CULVER CITY, Calif. (KABC) -- It's 6 a.m. and physical therapist Darwin Fogt is already seeing patients - six at a time, actually.

"It's tele-rehabilitation and what it allows us to do is monitor multiple patients at once while performing a prescribed exercise program for them," said Fogt, CEO of E-Wellness Healthcare, the makers of Phzio.

The program known as Phzio was developed four years ago and has been tested on thousands of patients.

"Now a physical therapist can monitor multiple patients at once while doing their exercises," Fogt said.

While the patient is working on a pre-recorded video, the doctor is watching them in real time, noticing any need for corrections.

The therapist can chat directly or type text across the screen. The patient starts the session by weighing in on their current aches and pains.

"At this point we know that in the state of California, Blue Cross and Blue Shield is reimbursing for this type of intervention," Fogt said.

Medicare isn't on board yet, but Fogt said it looks promising sometime in 2017 as clients are more compliant and getting better faster.

Therapist Karen Joubert sees both pros and cons in the program.

"Tele-medicine is now. I've seen it in all aspects of health care. It is where we're going, whether you like it or not. It's the parking, it's the driving. They're not going to feel like 'I can't get to therapy.' It's going to give them a lot more comfort knowing that they have somebody watching them," she said.

Dr.
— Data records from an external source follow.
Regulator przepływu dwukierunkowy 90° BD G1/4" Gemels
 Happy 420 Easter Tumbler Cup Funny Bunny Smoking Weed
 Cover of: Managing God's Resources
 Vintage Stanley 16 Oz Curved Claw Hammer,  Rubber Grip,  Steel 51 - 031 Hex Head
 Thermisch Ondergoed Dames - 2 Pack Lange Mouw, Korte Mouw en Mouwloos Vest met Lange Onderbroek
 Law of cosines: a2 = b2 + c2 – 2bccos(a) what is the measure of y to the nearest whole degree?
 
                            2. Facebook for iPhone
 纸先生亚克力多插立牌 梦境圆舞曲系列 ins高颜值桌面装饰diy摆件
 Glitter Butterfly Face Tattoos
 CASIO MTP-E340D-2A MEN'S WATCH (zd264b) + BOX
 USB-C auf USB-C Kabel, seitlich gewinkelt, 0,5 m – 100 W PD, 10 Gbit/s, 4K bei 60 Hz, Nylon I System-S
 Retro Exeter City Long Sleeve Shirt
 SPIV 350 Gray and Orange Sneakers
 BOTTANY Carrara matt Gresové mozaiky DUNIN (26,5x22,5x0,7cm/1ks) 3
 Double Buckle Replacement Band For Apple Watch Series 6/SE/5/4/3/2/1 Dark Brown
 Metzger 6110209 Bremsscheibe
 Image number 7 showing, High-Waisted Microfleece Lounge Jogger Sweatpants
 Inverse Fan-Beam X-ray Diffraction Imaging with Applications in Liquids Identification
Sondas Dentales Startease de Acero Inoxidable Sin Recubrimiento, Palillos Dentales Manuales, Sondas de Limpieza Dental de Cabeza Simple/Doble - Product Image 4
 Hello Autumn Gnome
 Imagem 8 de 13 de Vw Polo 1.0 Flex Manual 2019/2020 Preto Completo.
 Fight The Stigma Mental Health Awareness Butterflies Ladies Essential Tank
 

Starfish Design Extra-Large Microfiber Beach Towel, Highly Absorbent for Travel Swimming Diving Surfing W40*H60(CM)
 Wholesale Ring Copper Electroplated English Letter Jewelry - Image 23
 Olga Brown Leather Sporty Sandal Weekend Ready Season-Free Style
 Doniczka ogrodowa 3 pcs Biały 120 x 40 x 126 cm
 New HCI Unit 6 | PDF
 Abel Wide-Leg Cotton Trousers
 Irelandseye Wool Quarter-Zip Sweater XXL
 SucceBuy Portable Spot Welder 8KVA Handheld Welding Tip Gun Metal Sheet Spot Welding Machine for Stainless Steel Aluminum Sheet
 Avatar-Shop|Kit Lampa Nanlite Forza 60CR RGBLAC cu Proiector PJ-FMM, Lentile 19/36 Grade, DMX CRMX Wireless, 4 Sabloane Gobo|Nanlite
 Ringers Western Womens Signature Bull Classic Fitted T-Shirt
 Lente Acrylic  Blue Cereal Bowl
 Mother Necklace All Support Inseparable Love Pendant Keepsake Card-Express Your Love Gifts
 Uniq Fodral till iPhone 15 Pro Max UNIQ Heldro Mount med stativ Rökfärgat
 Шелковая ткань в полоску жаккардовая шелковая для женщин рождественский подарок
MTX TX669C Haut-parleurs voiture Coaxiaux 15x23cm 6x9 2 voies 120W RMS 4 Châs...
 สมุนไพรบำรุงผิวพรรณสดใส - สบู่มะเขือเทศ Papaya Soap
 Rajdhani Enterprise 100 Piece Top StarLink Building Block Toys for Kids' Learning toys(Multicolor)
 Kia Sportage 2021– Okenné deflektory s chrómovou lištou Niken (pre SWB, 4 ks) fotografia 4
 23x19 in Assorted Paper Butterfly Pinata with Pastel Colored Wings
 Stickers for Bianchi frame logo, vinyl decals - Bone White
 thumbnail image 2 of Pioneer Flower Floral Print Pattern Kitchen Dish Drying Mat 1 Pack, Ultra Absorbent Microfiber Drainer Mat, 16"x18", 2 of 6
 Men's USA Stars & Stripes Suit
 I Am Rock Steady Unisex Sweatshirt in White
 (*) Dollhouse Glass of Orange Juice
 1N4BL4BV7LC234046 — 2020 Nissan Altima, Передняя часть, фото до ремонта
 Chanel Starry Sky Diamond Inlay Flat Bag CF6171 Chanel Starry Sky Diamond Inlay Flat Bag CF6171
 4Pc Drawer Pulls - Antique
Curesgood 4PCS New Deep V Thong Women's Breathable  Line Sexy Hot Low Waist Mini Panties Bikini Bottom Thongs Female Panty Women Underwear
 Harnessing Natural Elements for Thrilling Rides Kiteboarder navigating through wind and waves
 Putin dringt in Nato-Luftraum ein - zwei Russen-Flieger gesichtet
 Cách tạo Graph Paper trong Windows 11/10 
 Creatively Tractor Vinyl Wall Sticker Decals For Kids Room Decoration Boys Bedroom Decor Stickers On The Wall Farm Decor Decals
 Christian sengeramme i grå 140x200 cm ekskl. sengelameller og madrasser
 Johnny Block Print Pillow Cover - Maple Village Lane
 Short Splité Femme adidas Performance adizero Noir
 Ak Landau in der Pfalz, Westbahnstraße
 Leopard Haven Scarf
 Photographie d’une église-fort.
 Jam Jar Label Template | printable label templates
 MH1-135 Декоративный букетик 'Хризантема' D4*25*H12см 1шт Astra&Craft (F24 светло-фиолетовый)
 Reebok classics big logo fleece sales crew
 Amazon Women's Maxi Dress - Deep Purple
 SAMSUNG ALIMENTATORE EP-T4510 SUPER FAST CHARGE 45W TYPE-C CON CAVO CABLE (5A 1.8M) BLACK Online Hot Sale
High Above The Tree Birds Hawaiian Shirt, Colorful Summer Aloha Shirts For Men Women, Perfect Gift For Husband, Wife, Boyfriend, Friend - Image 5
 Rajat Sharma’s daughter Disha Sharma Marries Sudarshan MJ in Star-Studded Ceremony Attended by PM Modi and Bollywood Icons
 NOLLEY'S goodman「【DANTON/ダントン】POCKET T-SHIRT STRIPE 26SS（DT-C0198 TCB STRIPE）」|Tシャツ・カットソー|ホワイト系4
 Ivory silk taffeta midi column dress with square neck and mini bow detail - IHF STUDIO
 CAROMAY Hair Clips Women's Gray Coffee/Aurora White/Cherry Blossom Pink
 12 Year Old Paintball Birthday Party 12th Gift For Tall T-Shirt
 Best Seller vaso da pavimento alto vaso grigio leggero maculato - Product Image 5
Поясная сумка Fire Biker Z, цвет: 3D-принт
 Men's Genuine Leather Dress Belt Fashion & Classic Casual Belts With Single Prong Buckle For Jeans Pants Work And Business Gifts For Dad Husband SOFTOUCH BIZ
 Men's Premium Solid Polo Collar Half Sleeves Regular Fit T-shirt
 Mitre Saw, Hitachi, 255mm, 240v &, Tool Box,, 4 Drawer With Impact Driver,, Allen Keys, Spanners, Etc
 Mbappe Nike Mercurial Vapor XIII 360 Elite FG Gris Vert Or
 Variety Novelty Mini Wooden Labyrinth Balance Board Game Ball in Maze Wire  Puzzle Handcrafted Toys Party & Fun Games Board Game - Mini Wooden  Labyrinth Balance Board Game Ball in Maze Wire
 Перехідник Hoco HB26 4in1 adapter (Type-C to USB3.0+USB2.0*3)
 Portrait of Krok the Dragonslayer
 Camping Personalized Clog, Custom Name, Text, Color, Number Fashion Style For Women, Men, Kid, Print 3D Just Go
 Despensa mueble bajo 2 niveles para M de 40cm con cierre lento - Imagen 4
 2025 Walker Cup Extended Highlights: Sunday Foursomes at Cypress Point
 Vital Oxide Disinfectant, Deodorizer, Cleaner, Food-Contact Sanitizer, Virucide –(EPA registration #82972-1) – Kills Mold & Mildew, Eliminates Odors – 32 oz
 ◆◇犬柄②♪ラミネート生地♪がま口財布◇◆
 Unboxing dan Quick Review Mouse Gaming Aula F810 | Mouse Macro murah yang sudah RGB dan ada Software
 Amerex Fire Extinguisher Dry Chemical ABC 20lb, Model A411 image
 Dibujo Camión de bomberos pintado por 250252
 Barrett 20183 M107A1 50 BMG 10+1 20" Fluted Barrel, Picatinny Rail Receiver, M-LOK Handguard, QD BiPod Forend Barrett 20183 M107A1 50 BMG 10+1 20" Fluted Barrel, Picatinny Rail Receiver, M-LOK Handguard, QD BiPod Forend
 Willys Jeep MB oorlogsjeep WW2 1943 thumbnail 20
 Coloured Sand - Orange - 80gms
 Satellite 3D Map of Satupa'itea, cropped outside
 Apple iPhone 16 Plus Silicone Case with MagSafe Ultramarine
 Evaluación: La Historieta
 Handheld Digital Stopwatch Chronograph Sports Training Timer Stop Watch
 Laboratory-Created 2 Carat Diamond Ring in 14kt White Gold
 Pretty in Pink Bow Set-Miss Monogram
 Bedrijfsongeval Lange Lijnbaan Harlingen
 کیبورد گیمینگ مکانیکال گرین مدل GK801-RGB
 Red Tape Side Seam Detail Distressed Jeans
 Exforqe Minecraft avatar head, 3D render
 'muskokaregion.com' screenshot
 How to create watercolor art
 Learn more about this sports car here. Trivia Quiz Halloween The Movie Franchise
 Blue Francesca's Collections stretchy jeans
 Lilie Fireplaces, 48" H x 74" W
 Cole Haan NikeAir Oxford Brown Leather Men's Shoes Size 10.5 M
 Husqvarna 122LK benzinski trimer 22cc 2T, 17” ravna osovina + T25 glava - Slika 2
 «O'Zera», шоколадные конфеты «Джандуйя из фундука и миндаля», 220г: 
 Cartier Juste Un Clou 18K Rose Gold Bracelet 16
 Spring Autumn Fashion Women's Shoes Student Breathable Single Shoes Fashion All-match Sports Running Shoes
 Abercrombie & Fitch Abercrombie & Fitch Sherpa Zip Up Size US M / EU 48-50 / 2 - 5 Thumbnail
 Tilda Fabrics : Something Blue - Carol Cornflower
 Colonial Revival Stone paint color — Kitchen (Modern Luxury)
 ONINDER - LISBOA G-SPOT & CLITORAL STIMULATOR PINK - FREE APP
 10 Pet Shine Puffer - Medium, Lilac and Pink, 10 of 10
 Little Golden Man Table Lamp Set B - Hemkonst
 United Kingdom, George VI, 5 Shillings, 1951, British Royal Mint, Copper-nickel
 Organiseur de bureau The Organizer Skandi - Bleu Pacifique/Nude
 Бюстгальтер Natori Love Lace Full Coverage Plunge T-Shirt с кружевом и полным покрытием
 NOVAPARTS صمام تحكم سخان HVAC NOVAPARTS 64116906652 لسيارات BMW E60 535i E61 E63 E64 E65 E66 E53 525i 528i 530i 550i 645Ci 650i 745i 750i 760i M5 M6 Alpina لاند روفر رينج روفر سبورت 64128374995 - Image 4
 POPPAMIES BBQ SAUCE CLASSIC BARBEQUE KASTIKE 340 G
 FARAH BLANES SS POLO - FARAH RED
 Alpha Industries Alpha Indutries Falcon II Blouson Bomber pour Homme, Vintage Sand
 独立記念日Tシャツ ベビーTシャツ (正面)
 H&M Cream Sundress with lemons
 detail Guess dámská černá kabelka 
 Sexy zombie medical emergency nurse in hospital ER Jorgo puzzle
Andy Pritikin said the program isn't for a beginner, but feels it might keep him from seeing re-occurring clients who have failed to do their homework and return re-injured.

"What I mostly hear is, 'No I forgot. I forgot which ones. I only remember this one.' So there's a direct parallel between the two of doing the exercise. As long as they're checking in, we're keeping them out of the medical circle," Pritikin said.